TASK TO CARRY OUT ->
Begin with the line holding "洛杉磯的美術教授龐櫻欣賞莫鴻勳（美國之音國符拍攝）" and end with the last line of the records below. Set down exactly those lines and leave out every picture.
----- THE RECORDS
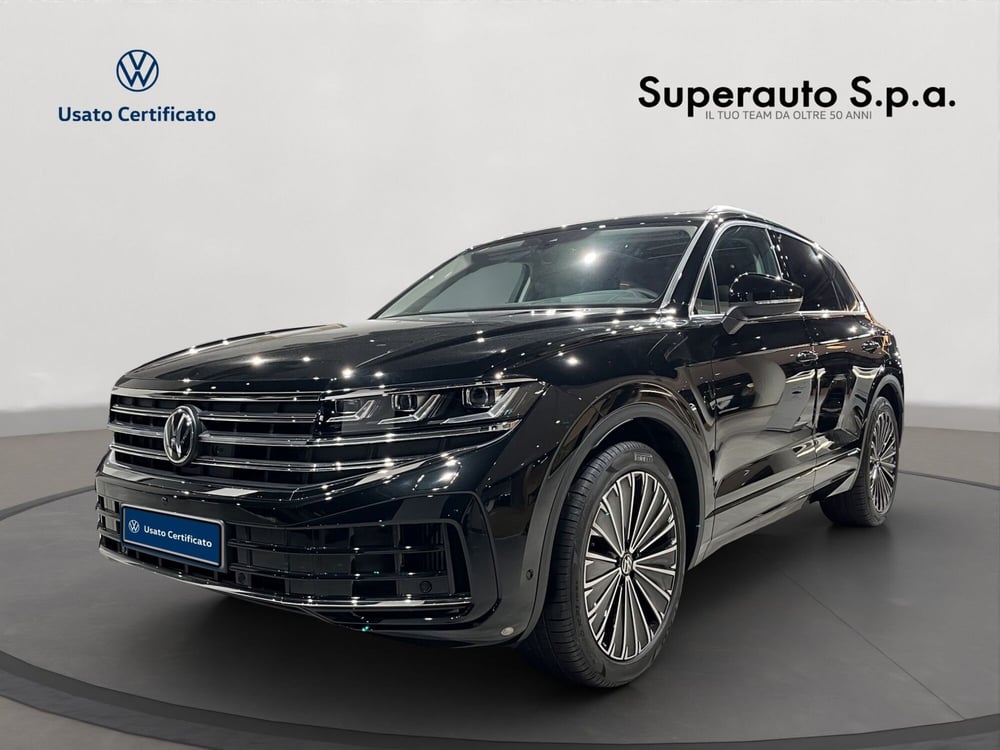 Volkswagen Touareg nuova a Padova (19)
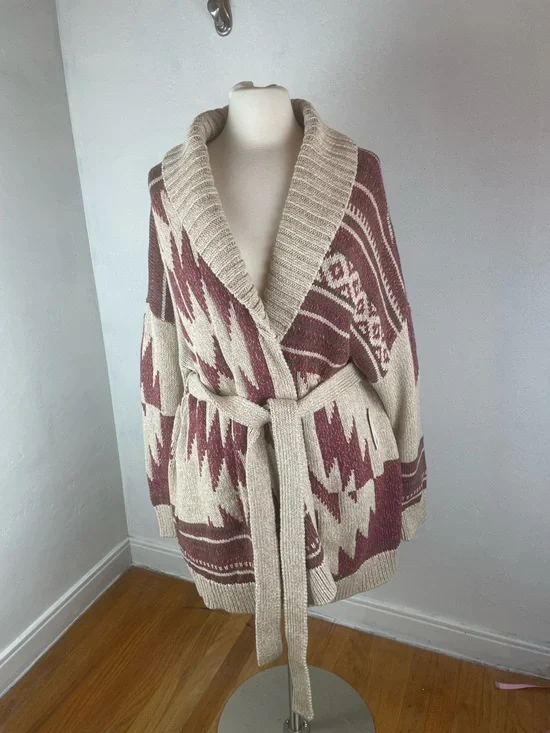 Lucky Heritage Cotton Cardigan - Picture 10 of 11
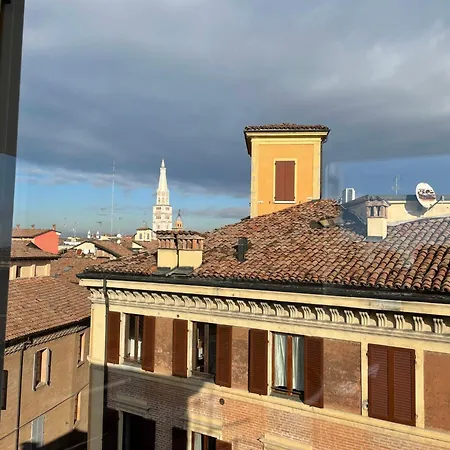 Appartamento Saragozza A Due Passi Da Piazza Grande - Wifi E Parcheggio Gratuito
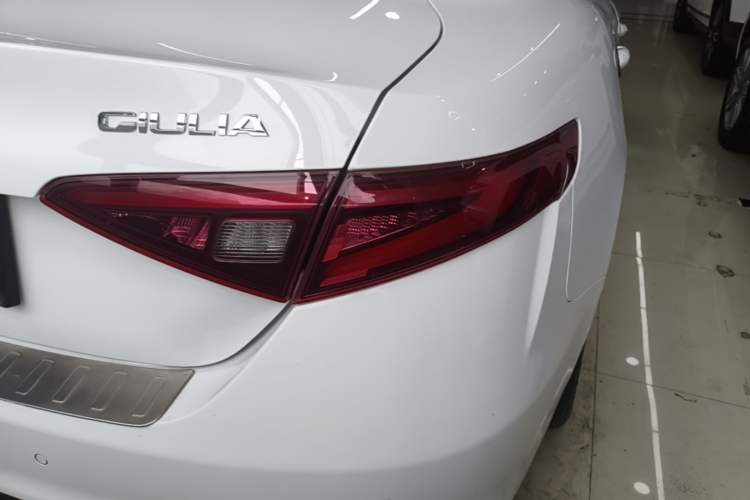 Used Alfa Romeo Giulia 2017 2.0T 280HP Luxury Edition Right Rear Taillight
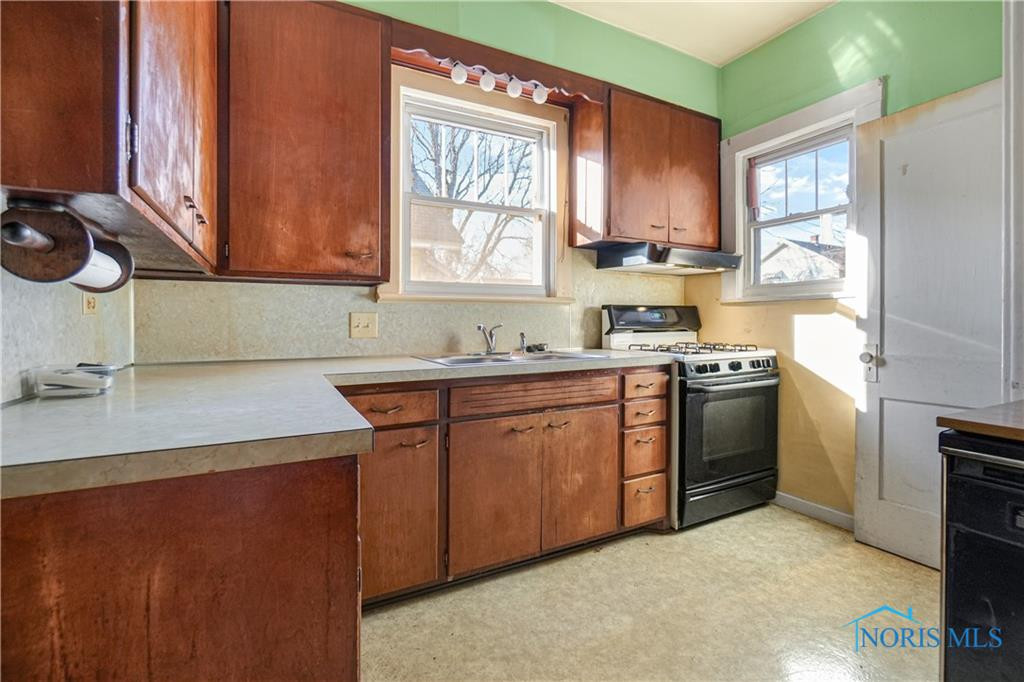 1824 Brussels Street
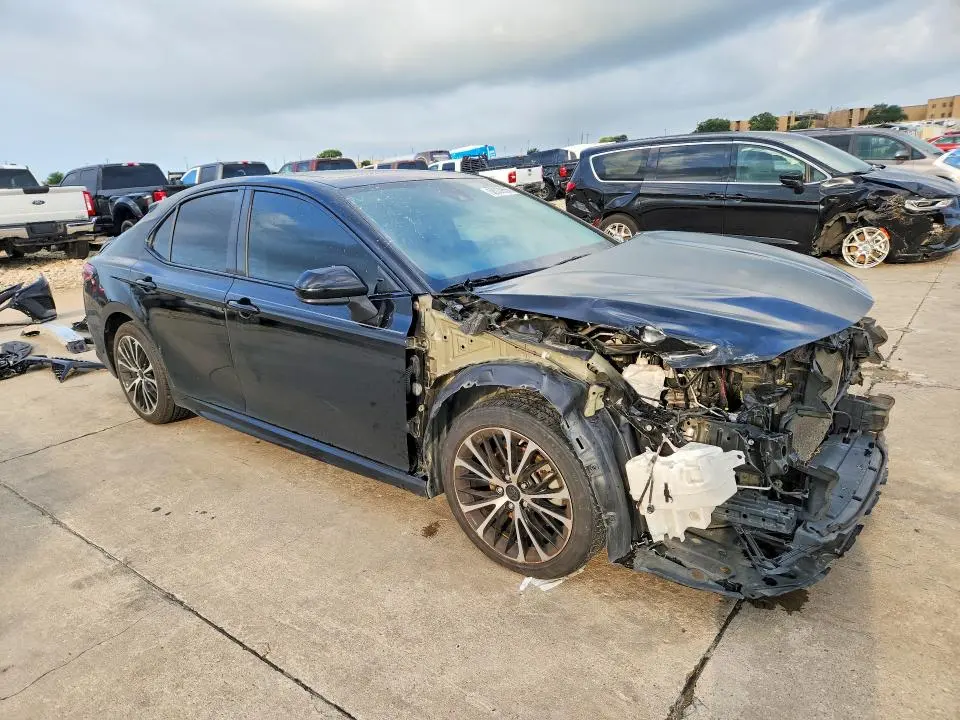 2019 TOYOTA CAMRY SE  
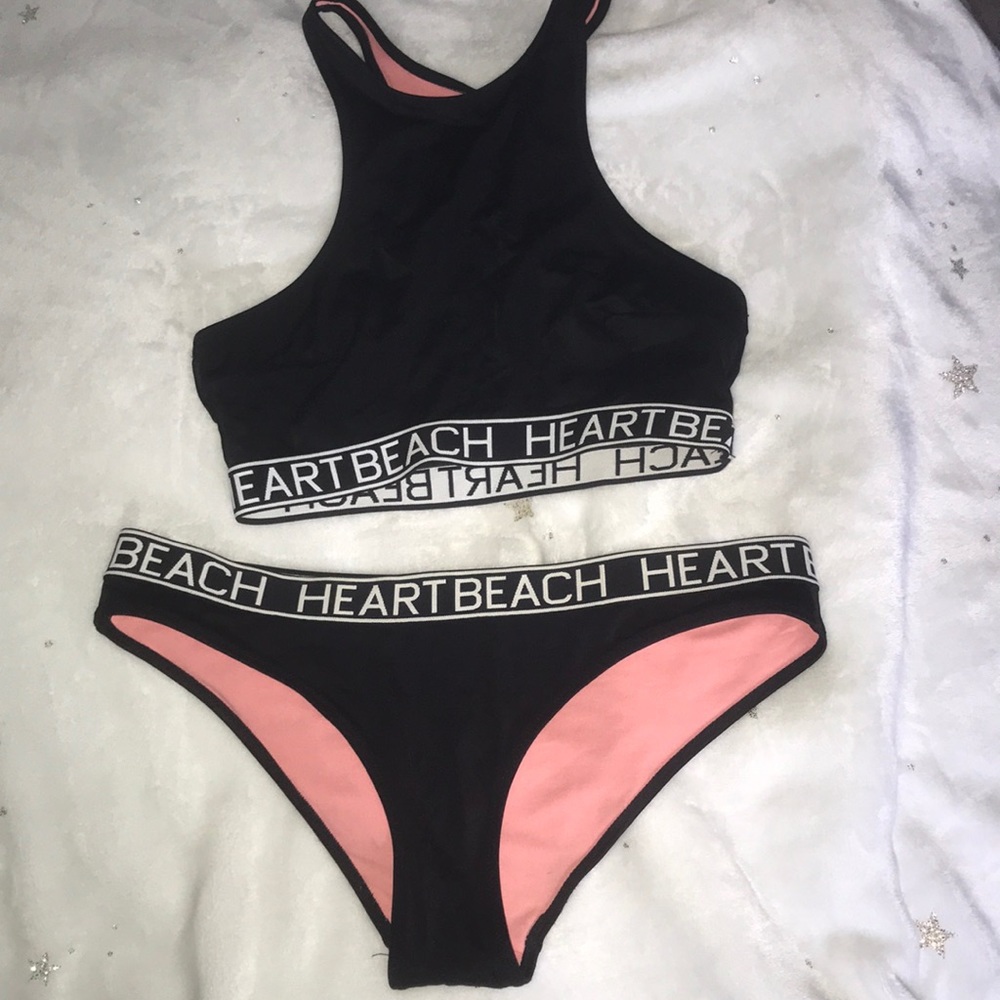 H&M “heart beach” bikini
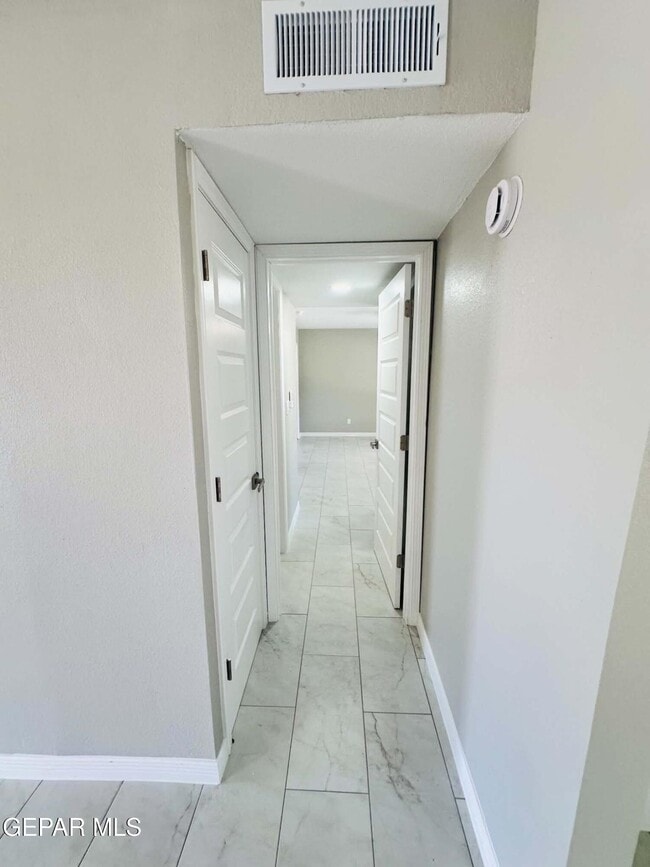 Building Photo - 11733 Lorri Dr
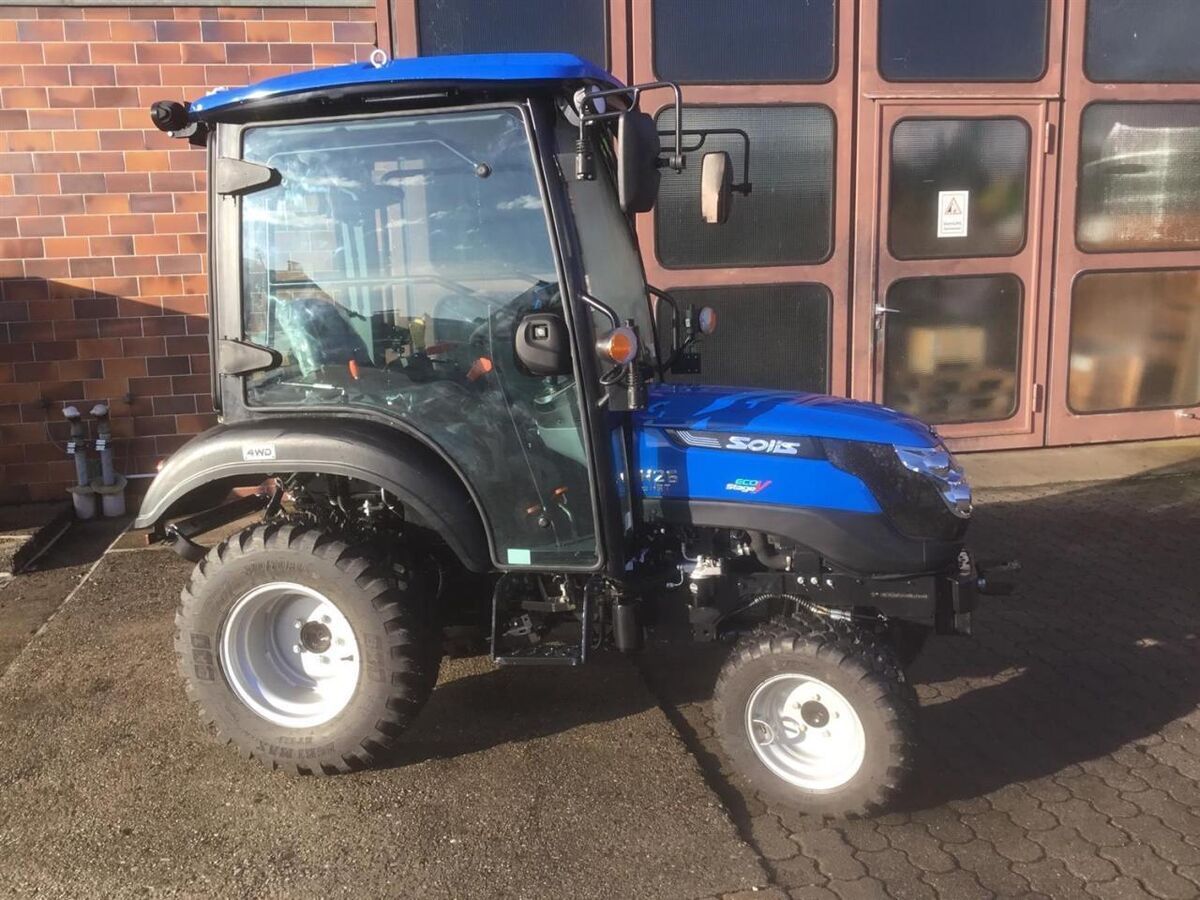 E-FARM: Solis 26 hst kabine - Tractor - id S3MJEUE - Año: 2025 - Potencia del motor: 26,Alemania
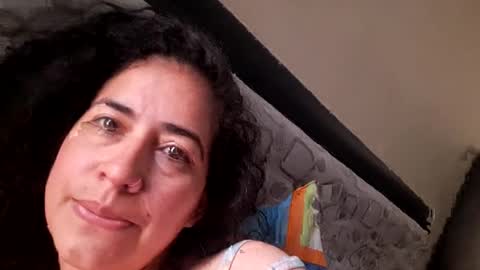 Snapshot of evolet_evolet_ chatting on November 2025 02:17:01 PM Evolet online show from November 2025 02:17:01 PM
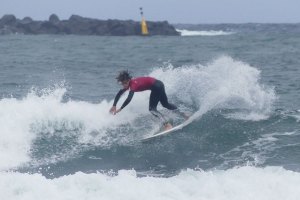 1ª etapa do campeonato dos Açores de Surfing 2022 contou com ondas consistentes e fortes performances dos atletas mais jovens
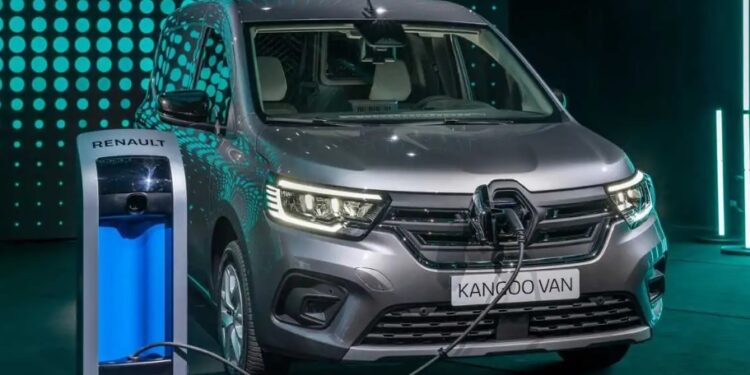 Renault Kangoo E-Tech: van elétrica deve chegar ao mercado até o final do ano. Foto: Divulgação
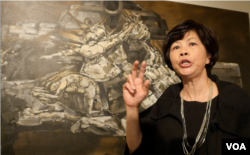 洛杉磯的美術教授龐櫻欣賞莫鴻勳（美國之音國符拍攝）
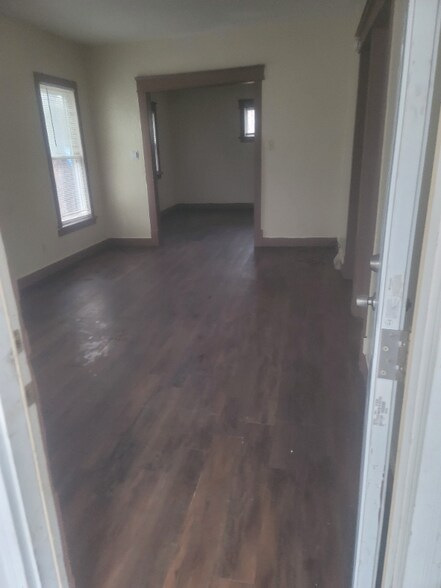 Building Photo - 1259 Pearl St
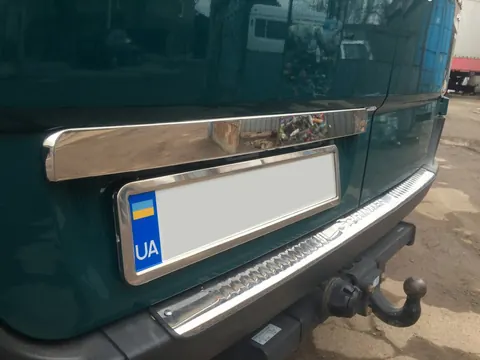 Планка над номером BlackChrome (нерж) для Mercedes Sprinter W906 2006-2018 рр — Mercedes Sprinter W906 2006–2018 гг. DianaParts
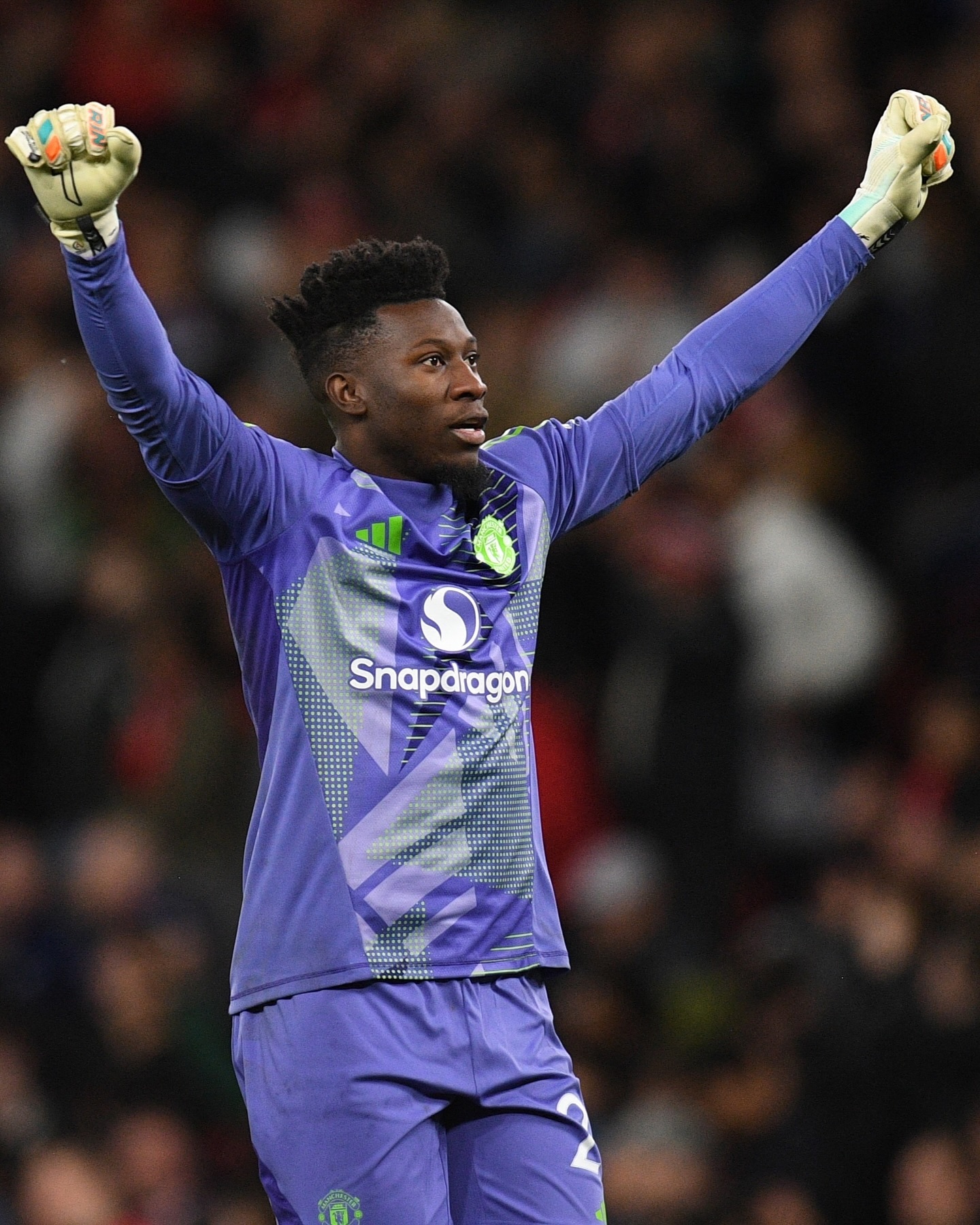 曼联训练开放日，今夜更衣室发声引欢呼，欧联在即，临场指挥获称赞的简单介绍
----------
RESULT FOR THIS EXERCISE ->
 洛杉磯的美術教授龐櫻欣賞莫鴻勳（美國之音國符拍攝）
 Building Photo - 1259 Pearl St
 Планка над номером BlackChrome (нерж) для Mercedes Sprinter W906 2006-2018 рр — Mercedes Sprinter W906 2006–2018 гг. DianaParts
 曼联训练开放日，今夜更衣室发声引欢呼，欧联在即，临场指挥获称赞的简单介绍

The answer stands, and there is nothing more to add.